The 3,700 photovoltaic panels in Antwerp bring bpost’s total solar panel surface area of 33,000 m² across various buildings in Belgium.
The solar panels on bpost’s sorting centres in Ghent, Liege, Charleroi and Antwerp should generate CO₂ emissions savings of more than 1,200 tons per year.
“Sorting centres (and any large logistics facility) are prime places to mount solar panels, which can save money and reduce emissions. This seems to be a “no brainer”, but for some reason, I don’t see too many such sites in Europe, yet… especially in CEE. Let’s hope that this develops as the cost of the hardware falls and ecological concerns grow.” - Marek Różycki, Managing Partner Last Mile Experts
The solar panel installation in Antwerp has been made possible via a financing deal with energy company ENGIE.
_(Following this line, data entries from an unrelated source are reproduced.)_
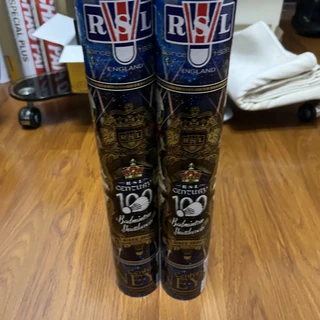 亚狮龙最贵的球跌下神坛：百年纪念款Century从400跌到168，和亚U掰手腕，这颗“挑球馆”的球到底值不值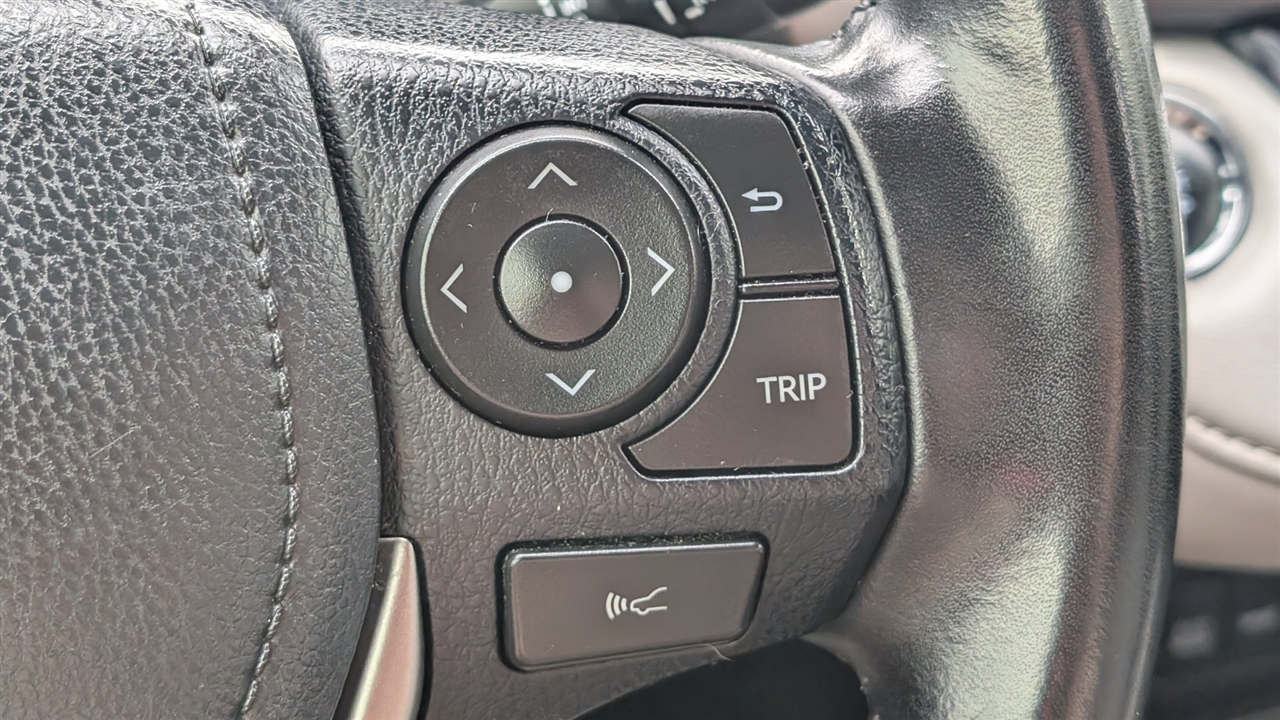 Toyota RAV4 XLE FWD 2018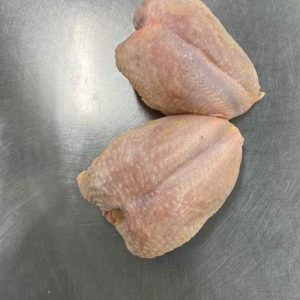 Friss csontos bőrös csirkemell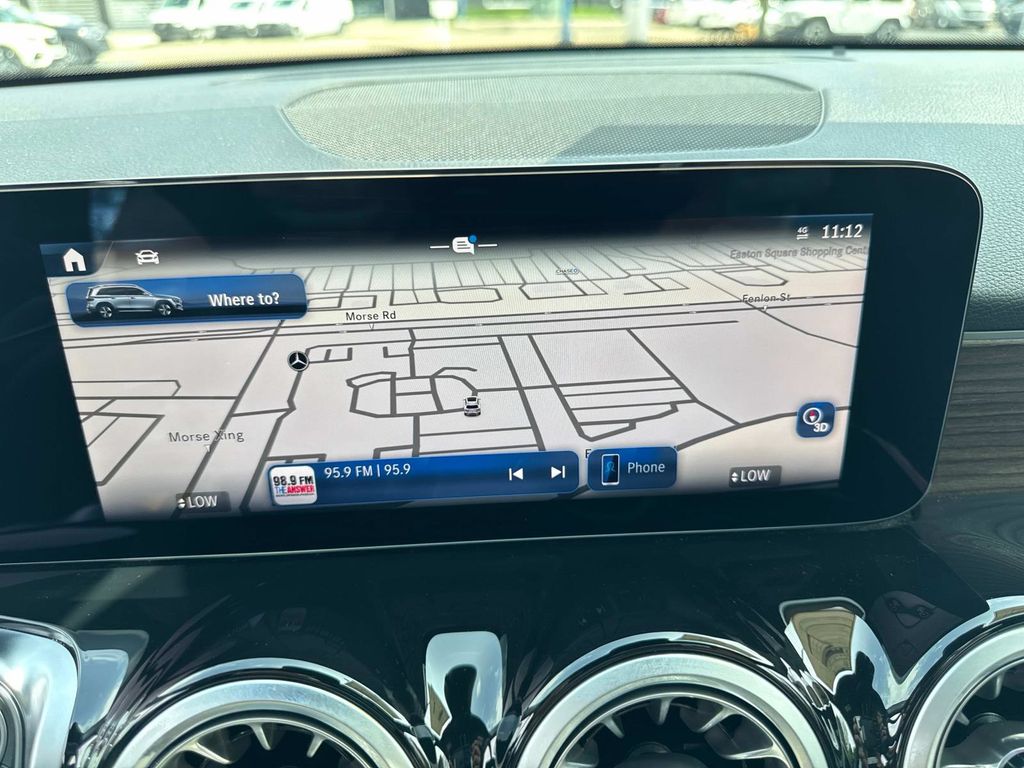 2025 Mercedes Benz GLB 250 4MATIC photo 20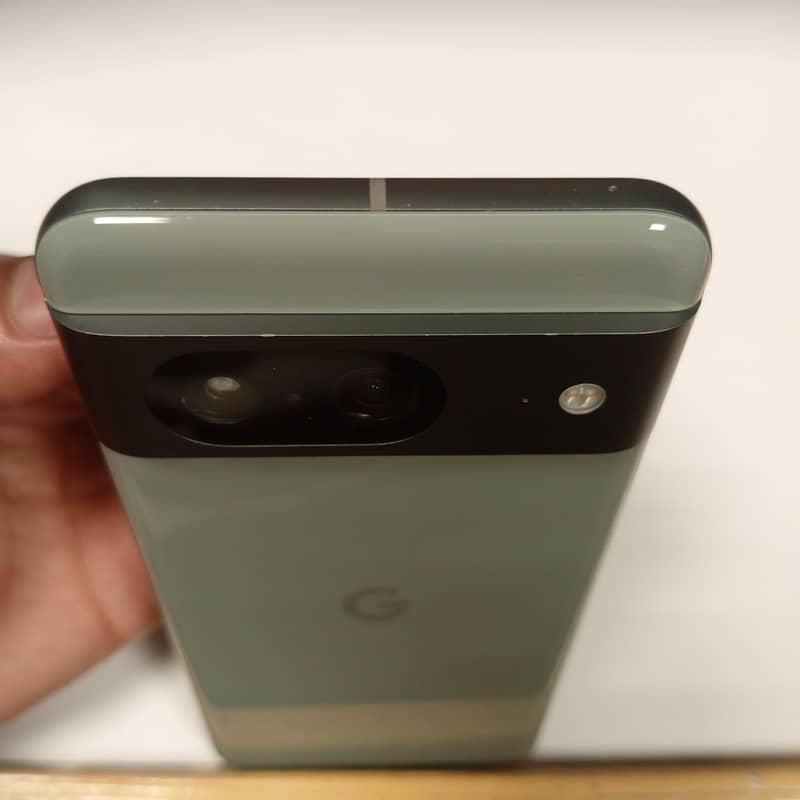 Google Pixel 8 2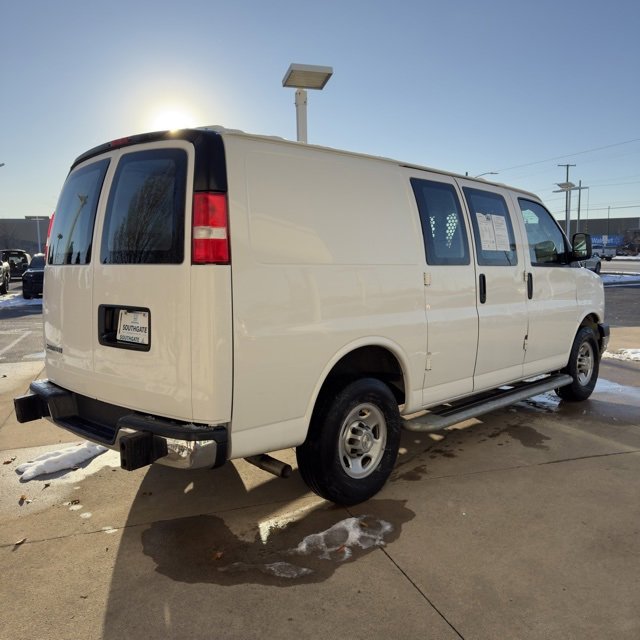 Used 2023 Chevrolet Express 2500 w/ Driver Convenience Package image 3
Since 2007, bpost has cut its CO₂ emissions by almost 40%.
Electric vehicles to replace diesel vans
bpost will also switch more than half of its fleet to electric vehicles by 2030. Some 600 new electric vans will be deployed across Belgium by 2022, which will increase to more than 3,400 by 2030. bpost already has a fleet of 2,652 electric bikes and 324 electric trikes.
In some cities, including Antwerp, bpost already uses the “Colibus”, a new 100% electric vehicle especially designed for the parcels market. The Colibus is fully electric and can carry more than 100 parcels.
Meanwhile in Switzerland…
Swiss Post has installed 14 solar panel systems on its buildings, with the first system installed in 2011, and four in 2018.
One of the largest installations in Switzerland, with a panel area of over 8,000 square metres, is located on the Zurich-Mülligen letter sorting centre, followed by installations totalling over 20,000 square metres on the Härkingen (pictured above), Daillens, Eclépens and Frauenfeld sorting sites.
Since 2008, Swiss Post has sourced its entire electricity requirements from renewable energies, including hydropower and around 10% from wind, solar, small hydro and biomass power plants in Switzerland.
More solar panel installations are planned - but Swiss Post acknowledges solar panels are subject to factors such as the weather, and dust in the atmosphere.
Swiss Post’s entire letter delivery fleet, with over 6,000 scooters, is powered entirely by electricity from renewable sources.